María consiguió apartar de sí sus locos pensamientos y
cerrar la boca, por primera vez desde que desembarcaron.
—¡Tengo mucho miedo, Ana! —confesó la pequeña al borde de
las lágrimas.
—No te preocupes, cielo. Lo peor ha sido escapar de don
Felipe, y eso lo hemos conseguido —aseguró con esperanza—. ¡Siguiente parada,
encontrar a tu padre! —dijo con una sonrisa en la boca— ¡Pan comido… pan
comido…! —suspiró mientras levantaba la vista hacia los muelles y su
desesperación igualaba a la de la propia María.
Ana agarró fuertemente la mano de la niña y miró a Andrés
con ojos suplicantes.
—¿Y ahora, qué? —preguntó con voz temblorosa.
Para el asombro de ambas, Andrés dibujó una amplia
sonrisa en el rostro.
—¡A preguntar! —dijo con determinación— Será fácil
encontrar a ese lord si es tan rico como dice doña Isabel.
Y, sin más pausa, agarró la otra mano de la niña y
comenzaron a caminar hacia el centro de Londres, llenos de esperanzas.
Lo cierto es que no fue difícil localizar al padre de
María. Aunque solo contaban con el nombre, pronto descubrieron que Gabriel St.
James era un marqués, y como tal, era conocido en todo Londres. Después de
caminar lo que parecían días enteros, por fin se encontraron al pie de la
mansión de su supuesto padre. Era la mansión más grande que María había visto
en su vida. Aquello no tenía nada que ver con su hogar de España. Por supuesto,
no es que ella no hubiese visto grandes casas en su vida, pero a juzgar por la
expresión de Ana esta debía de ser la más grandiosa del mundo entero.

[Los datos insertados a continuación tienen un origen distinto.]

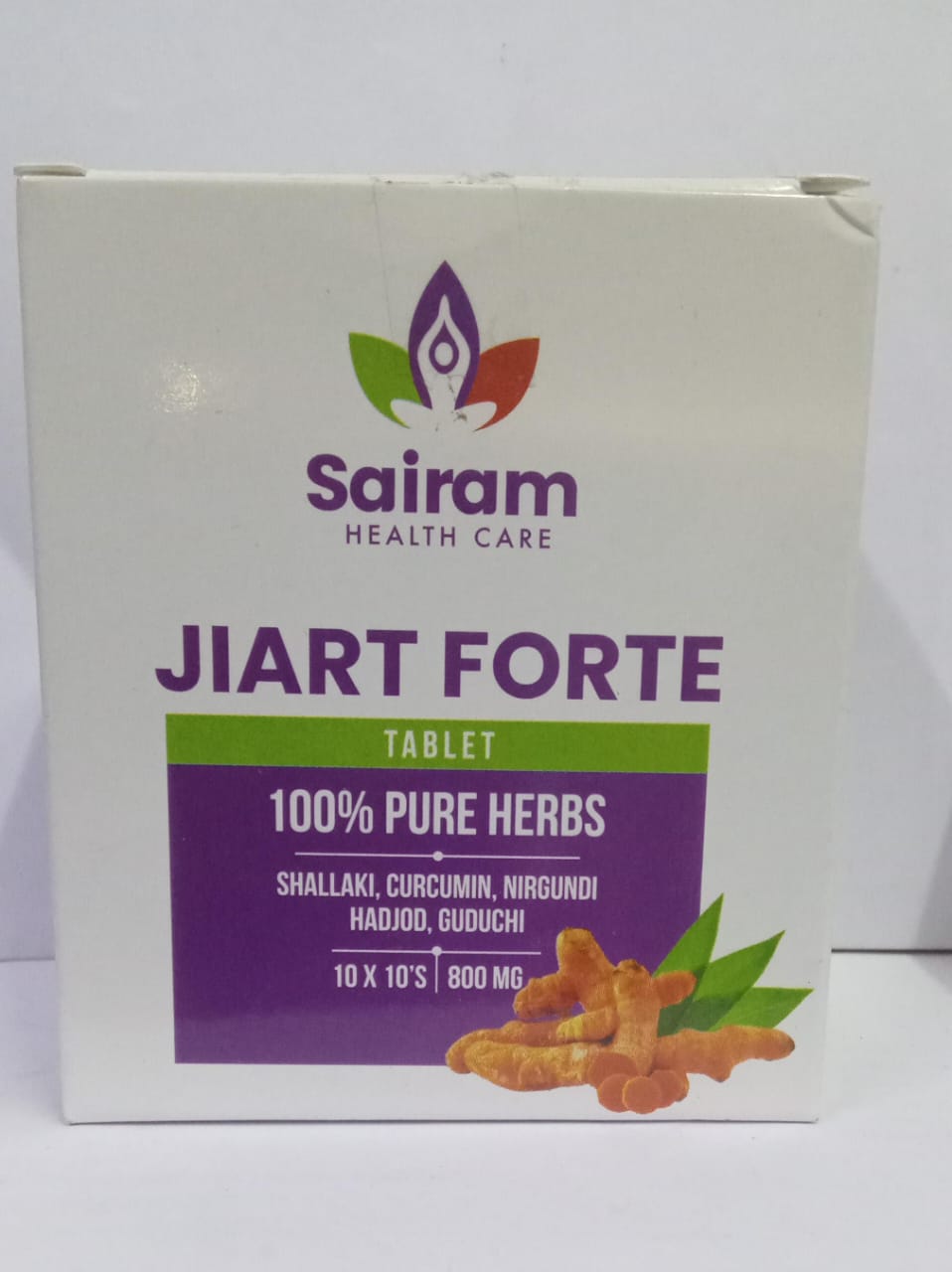 Jiart forte Tablet 10s Sairam Healthcare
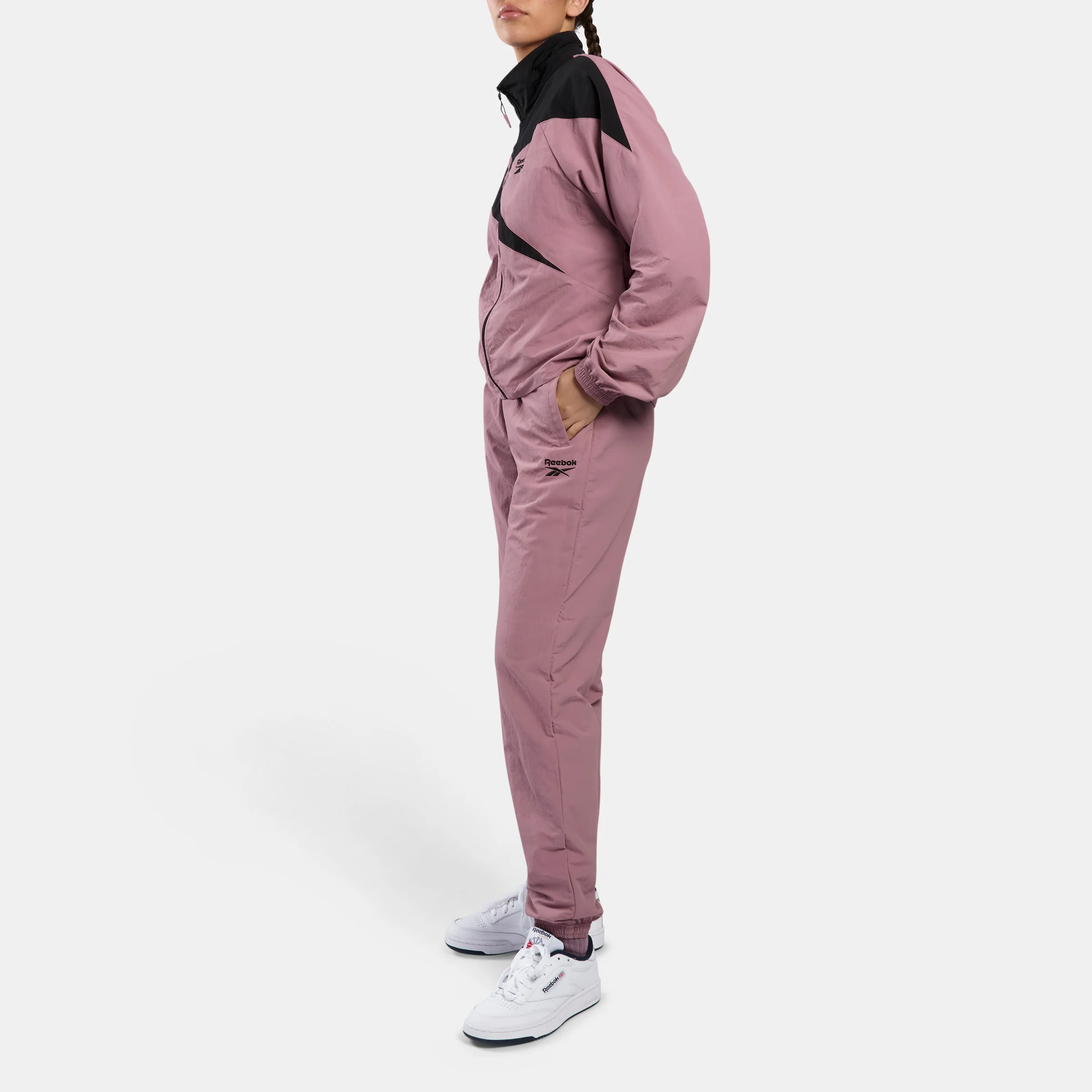 Vector Track Pant Berry Chill/Black - Image 2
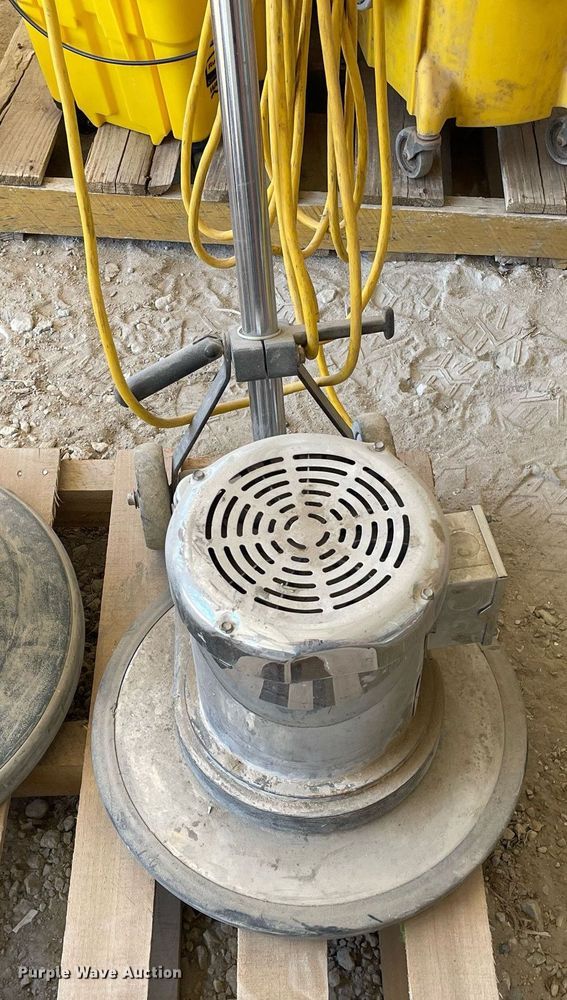 image for item LT9578 (3) floor buffers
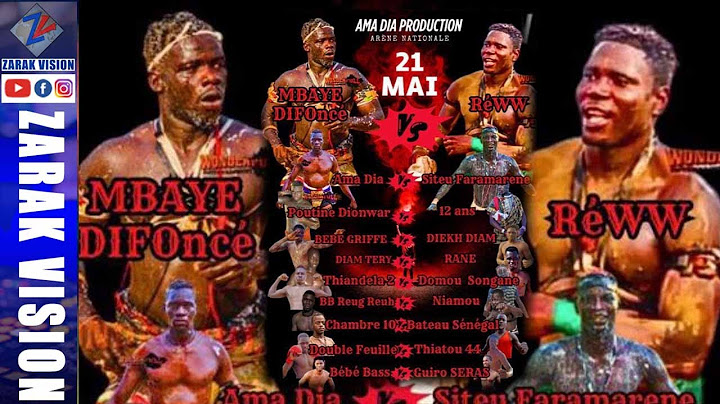 [🔴Direct] Arène nationale Mbaye Difoncé vs Réww journée Ama Dia Production...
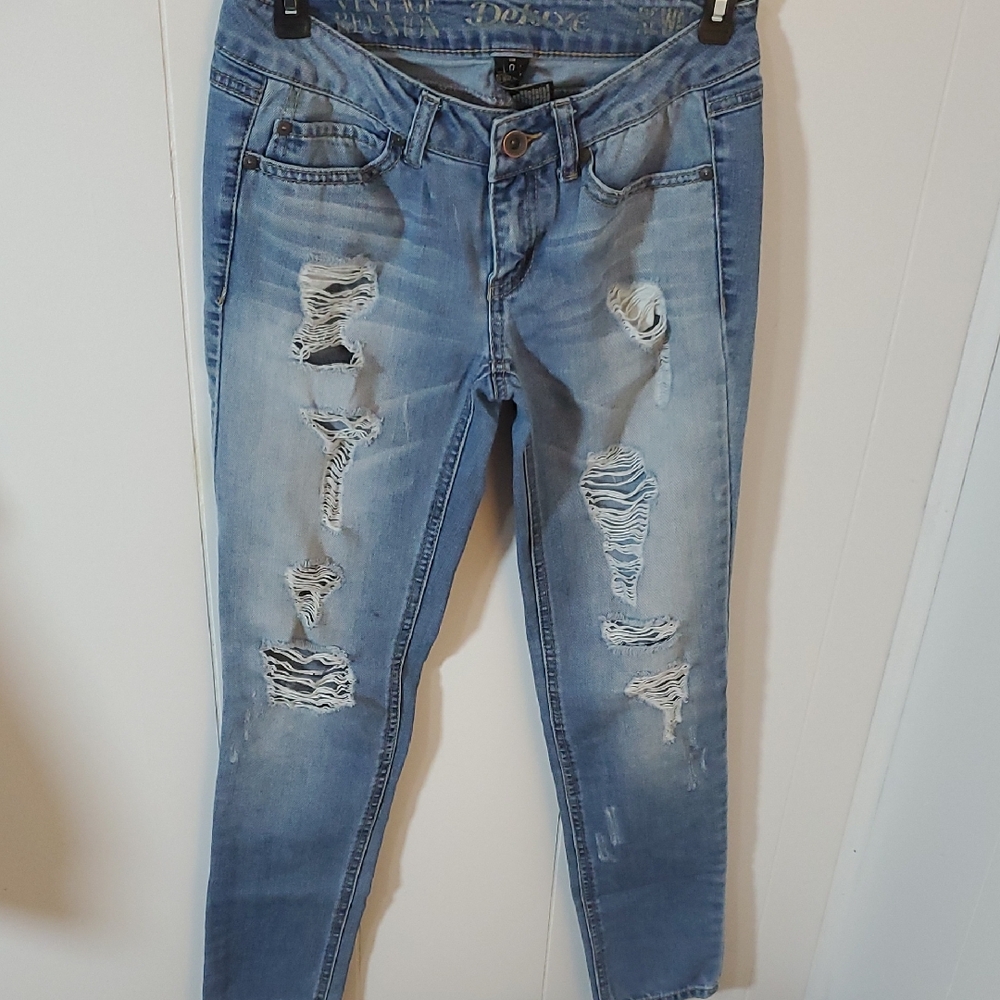 Rewash Vintage Reunion Deluxe Skinny Jean 0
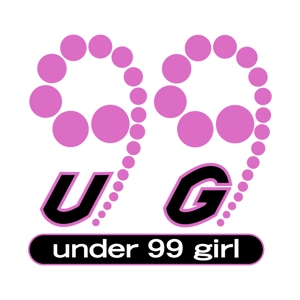 abi_sadaさんのゴルフアパレルブランド「under 99 gｉｒｌ」のワンポイントロゴ制作への提案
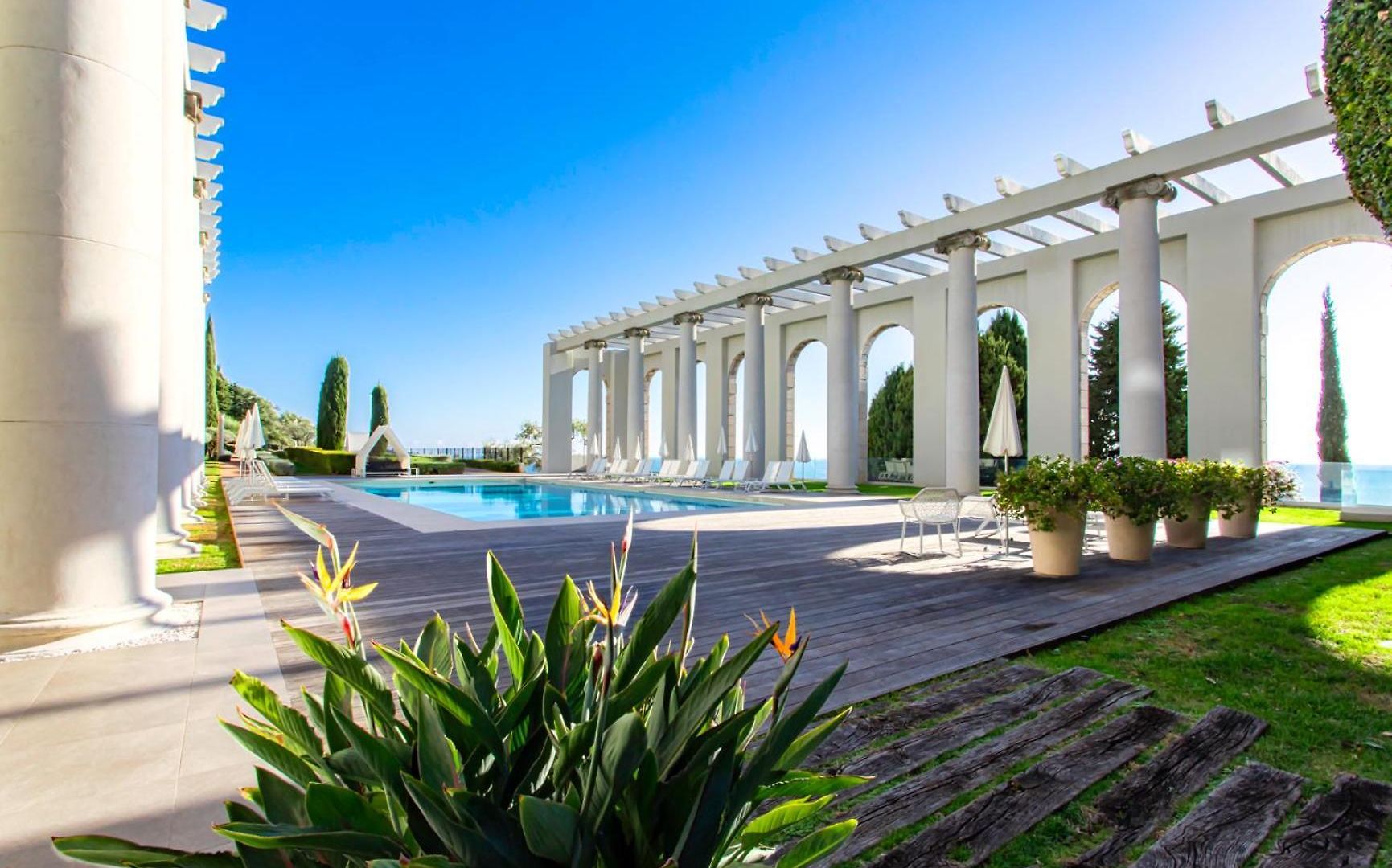 #22 Staywizus - Duplex Panoramic Sea View 2bdr, Ac, Swimpool, Parking, Petanque Appartement Nice
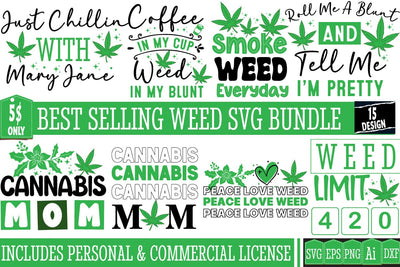 Weed SVG Bundle, Weed Sublimation Bundle, Weed SVG Quotes ,Weed SVG Bundle,Cannabis SVG Bundle,Cannabis Sublimation PNG,Cannabis SVG Bundle, Weed 20 SVG Design Bundle,Weed Clipart SVG, Funny Weed SVG Bundle SVG BlackCatsMedia 
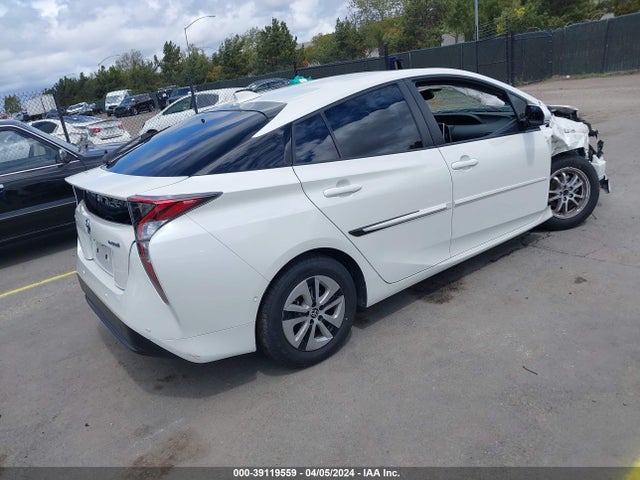 Toyota Prius Four 2018 JTDKARFU1J3062172 Image 4
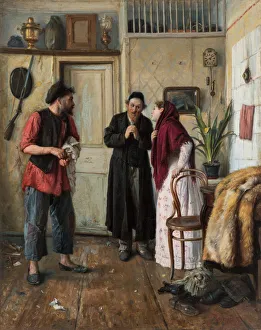 Money Changer Prints: The Pawnbroker, 1896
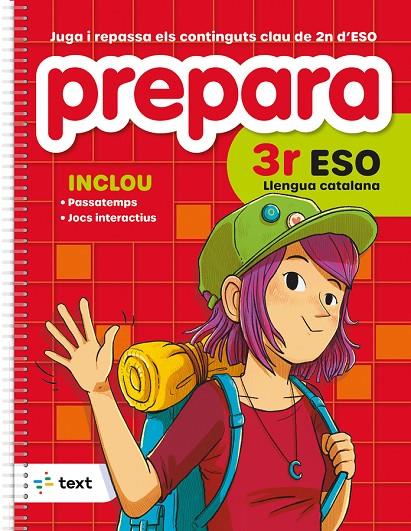 PREPARA 3R ESO LLENGUA CATALANA | 9788441235762 | MOLAS, CARLA | Llibreria Online de Tremp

María quería salir corriendo pero las piernas le fallaban
y lo único que quería hacer era vomitar. Vomitar a su padre no sería la mejor
manera de comenzar una buena relación. Sintió que se mareaba e incluso iba a
pedirle a Andrés que volvieran en otro momento cuando este llamó enérgicamente
a la puerta. Ya no había vuelta atrás. María se escondió tras las faldas de
Ana, cerró muy fuerte los ojos y contuvo el aliento.